For loops iterate over lists

prints:

    dog is a mammal

    cat is a mammal

    mouse is a mammal

"""

for animal in ["dog", "cat", "mouse"]:

    # You can use % to interpolate formatted strings

    print("%s is a mammal" % animal)

"""

"range(number)" returns a list of numbers

from zero to the given number

prints:

    0

    1

    2

    3

"""

for i in range(4):

    print(i)

"""

While loops go until a condition is no longer met.

prints:

    0

    1

    2

    3

"""

x = 0

while x < 4:

    print(x)

    x += 1  # Shorthand for x = x + 1

# Handle exceptions with a try/except block

# Works on Python 2.6 and up:

try:

    # Use "raise" to raise an error

    raise IndexError("This is an index error")

except IndexError as e:

    pass    # Pass is just a no-op. Usually you would do recovery here.

####################################################

## 4. Functions

####################################################

# Use "def" to create new functions

def add(x, y):

    print("x is %s and y is %s" % (x, y))

    return x + y    # Return values with a return statement

# Calling functions with parameters

add(5, 6) #=> prints out "x is 5 and y is 6" and returns 11

# Another way to call functions is with keyword arguments

add(y=6, x=5)   # Keyword arguments can arrive in any order.

# You can define functions that take a variable number of

# positional arguments

def varargs(*args):

    return args

varargs(1, 2, 3) #=> (1,2,3)

# You can define functions that take a variable number of

# keyword arguments, as well

def keyword_args(**kwargs):

    return kwargs

# Let's call it to see what happens

keyword_args(big="foot", loch="ness") #=> {"big": "foot", "loch": "ness"}

# You can do both at once, if you like

def all_the_args(*args, **kwargs):

    print(args)

    print(kwargs)

"""

all_the_args(1, 2, a=3, b=4) prints:

    (1, 2)

    {"a": 3, "b": 4}

"""

# When calling functions, you can do the opposite of args/kwargs!

# Use * to expand tuples and use ** to expand kwargs.

args = (1, 2, 3, 4)

kwargs = {"a": 3, "b": 4}

all_the_args(*args) # equivalent to foo(1, 2, 3, 4)

all_the_args(**kwargs) # equivalent to foo(a=3, b=4)

all_the_args(*args, **kwargs) # equivalent to foo(1, 2, 3, 4, a=3, b=4)

# Python has first class functions

def create_adder(x):

    def adder(y):

        return x + y

    return adder

add_10 = create_adder(10)

add_10(3) #=> 13

# There are also anonymous functions

(lambda x: x > 2)(3) #=> True

# There are built-in higher order functions

map(add_10, [1,2,3]) #=> [11, 12, 13]

filter(lambda x: x > 5, [3, 4, 5, 6, 7]) #=> [6, 7]

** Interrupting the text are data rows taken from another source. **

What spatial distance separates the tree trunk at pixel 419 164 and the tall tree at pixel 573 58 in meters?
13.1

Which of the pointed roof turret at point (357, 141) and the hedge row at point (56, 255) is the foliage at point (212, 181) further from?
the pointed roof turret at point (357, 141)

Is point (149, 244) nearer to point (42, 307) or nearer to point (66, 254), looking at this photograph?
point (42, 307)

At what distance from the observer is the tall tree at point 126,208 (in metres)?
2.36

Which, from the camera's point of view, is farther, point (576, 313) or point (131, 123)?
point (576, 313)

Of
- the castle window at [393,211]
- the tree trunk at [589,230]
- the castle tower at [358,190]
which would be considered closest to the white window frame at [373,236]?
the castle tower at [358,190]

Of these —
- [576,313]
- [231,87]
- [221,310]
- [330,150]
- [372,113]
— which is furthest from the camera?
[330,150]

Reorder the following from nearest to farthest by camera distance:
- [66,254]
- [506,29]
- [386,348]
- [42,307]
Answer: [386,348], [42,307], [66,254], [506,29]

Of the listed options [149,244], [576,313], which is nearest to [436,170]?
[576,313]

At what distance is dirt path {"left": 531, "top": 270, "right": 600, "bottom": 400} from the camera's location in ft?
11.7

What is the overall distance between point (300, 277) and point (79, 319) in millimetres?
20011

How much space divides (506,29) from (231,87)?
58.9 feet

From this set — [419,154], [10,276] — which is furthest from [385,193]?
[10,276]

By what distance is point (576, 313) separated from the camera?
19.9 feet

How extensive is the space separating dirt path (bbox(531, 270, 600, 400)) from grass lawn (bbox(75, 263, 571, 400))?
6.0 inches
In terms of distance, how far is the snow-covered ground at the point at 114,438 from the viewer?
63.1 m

# We can use list comprehensions for nice maps and filters

[add_10(i) for i in [1, 2, 3]]  #=> [11, 12, 13]

[x for x in [3, 4, 5, 6, 7] if x > 5] #=> [6, 7]

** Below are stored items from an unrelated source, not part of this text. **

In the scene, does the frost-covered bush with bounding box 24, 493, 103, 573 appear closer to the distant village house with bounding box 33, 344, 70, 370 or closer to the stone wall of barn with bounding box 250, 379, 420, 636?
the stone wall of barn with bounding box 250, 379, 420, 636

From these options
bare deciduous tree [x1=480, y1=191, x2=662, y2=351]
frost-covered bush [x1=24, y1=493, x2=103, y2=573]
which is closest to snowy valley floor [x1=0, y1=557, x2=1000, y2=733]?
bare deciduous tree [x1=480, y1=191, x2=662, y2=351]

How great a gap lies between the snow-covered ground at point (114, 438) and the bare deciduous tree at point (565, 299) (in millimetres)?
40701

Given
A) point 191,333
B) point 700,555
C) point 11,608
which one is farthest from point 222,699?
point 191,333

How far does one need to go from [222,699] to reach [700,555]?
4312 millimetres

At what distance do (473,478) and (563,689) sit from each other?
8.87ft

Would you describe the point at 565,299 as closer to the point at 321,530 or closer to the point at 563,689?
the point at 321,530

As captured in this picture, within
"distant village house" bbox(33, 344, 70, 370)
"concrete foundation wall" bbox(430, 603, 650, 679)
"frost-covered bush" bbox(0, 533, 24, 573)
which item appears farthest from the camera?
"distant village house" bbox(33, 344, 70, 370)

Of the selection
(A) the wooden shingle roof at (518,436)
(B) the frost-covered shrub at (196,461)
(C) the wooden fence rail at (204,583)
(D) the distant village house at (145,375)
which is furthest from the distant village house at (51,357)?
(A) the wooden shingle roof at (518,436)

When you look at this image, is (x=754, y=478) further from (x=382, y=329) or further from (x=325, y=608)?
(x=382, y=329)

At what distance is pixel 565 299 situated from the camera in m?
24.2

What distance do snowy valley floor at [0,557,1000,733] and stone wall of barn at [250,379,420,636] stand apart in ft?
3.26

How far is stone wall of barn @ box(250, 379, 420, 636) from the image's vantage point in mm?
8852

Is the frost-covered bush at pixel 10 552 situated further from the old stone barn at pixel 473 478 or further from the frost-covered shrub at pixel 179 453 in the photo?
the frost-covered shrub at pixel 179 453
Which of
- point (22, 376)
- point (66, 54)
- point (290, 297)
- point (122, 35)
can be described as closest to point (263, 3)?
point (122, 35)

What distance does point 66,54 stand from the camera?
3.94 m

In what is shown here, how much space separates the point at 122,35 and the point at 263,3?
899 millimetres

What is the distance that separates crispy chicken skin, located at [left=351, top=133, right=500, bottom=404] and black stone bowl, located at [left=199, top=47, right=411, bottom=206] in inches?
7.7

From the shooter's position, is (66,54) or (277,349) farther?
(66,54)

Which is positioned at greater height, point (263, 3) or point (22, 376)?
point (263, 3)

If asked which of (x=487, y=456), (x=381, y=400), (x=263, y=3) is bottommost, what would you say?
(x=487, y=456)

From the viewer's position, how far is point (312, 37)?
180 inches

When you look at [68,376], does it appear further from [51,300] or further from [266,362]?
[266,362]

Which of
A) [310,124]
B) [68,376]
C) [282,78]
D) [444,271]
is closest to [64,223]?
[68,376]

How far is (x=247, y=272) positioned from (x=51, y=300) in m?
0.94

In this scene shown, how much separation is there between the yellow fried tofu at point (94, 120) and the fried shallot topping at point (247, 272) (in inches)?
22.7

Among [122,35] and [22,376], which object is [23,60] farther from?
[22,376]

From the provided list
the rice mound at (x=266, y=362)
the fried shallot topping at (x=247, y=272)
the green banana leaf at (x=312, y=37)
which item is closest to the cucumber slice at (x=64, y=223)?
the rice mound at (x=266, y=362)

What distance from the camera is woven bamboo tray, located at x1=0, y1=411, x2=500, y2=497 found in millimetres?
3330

####################################################

## 5. Classes

####################################################

# We subclass from object to get a class.

class Human(object):

    # A class attribute. It is shared by all instances of this class

    species = "H. sapiens"

    # Basic initializer

    def __init__(self, name):

        # Assign the argument to the instance's name attribute

        self.name = name

    # An instance method. All methods take "self" as the first argument

    def say(self, msg):

       return "%s: %s" % (self.name, msg)

    # A class method is shared among all instances

    # They are called with the calling class as the first argument

    @classmethod

    def get_species(cls):

        return cls.species

    # A static method is called without a class or instance reference

    @staticmethod

    def grunt():

        return "*grunt*"

# Instantiate a class

i = Human(name="Ian")

print(i.say("hi"))     # prints out "Ian: hi"

j = Human("Joel")

print(j.say("hello"))  #prints out "Joel: hello"

# Call our class method

i.get_species() #=> "H. sapiens"

# Change the shared attribute

Human.species = "H. neanderthalensis"

i.get_species() #=> "H. neanderthalensis"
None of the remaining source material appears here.